Britain's civic life is fraying. Trust is thinning, participation is falling, and citizenship is too often treated as a passive status rather than a lived responsibility. In From Service to Statesmanship, Gareth Pearce argues that a free society cannot endure on rights alone: it depends upon duty, discipline, and the everyday habits of service that bind neighbours into a nation.
Drawing on British history, conservative political thought, and hard lessons from military and civilian life, Pearce traces how the post-war covenant of shared sacrifice gave way to consumer politics, professionalised leadership, and a culture increasingly uneasy with obligation. He challenges readers to recover a clearer understanding of citizenship as covenant—rights honoured, duties assumed—and to rebuild the institutions that form character and sustain self-government.

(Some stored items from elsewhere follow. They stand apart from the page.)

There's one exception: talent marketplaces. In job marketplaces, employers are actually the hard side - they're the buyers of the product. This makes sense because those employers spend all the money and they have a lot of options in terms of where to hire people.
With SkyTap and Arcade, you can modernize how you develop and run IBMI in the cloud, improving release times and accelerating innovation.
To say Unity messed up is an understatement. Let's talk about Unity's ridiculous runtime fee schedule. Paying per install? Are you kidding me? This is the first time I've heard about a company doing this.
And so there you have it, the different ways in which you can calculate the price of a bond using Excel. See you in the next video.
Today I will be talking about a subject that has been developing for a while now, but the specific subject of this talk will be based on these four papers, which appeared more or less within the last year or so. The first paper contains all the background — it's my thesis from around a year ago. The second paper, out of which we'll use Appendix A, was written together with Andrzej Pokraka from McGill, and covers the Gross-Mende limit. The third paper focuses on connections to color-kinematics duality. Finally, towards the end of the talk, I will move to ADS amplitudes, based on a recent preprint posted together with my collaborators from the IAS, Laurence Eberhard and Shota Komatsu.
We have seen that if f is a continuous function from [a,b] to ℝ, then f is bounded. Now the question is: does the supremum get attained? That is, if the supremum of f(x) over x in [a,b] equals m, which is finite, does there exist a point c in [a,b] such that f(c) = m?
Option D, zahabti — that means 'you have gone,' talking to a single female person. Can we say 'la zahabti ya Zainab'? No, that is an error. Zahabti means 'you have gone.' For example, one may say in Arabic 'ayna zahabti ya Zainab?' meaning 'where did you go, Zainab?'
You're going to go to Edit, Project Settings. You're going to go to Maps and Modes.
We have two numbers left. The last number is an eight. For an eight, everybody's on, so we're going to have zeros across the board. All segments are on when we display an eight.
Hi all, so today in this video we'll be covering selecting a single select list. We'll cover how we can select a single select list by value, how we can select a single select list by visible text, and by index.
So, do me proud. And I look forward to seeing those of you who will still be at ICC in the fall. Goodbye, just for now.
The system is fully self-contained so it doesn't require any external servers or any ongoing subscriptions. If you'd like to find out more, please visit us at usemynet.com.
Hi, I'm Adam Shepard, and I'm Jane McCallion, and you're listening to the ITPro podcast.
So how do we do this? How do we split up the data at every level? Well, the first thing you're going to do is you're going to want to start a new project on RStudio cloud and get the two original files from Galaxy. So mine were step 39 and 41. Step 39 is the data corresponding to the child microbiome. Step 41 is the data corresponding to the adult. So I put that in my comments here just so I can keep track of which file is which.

This is not a call to nostalgia, coercion, or exclusion. It is a practical, principled case for renewal: revitalised civic education, voluntary national service properly incentivised, pathways from frontline contribution into public leadership, stronger local institutions, and integration rooted in shared endeavour. The book also confronts the corrosive rise of service fraud and "stolen valour", arguing that honour is not sentimentality but the moral currency of public life.
Serious, historically grounded, and unapologetically hopeful, From Service to Statesmanship is a call to debate—and a call to rebuild a Britain worth serving.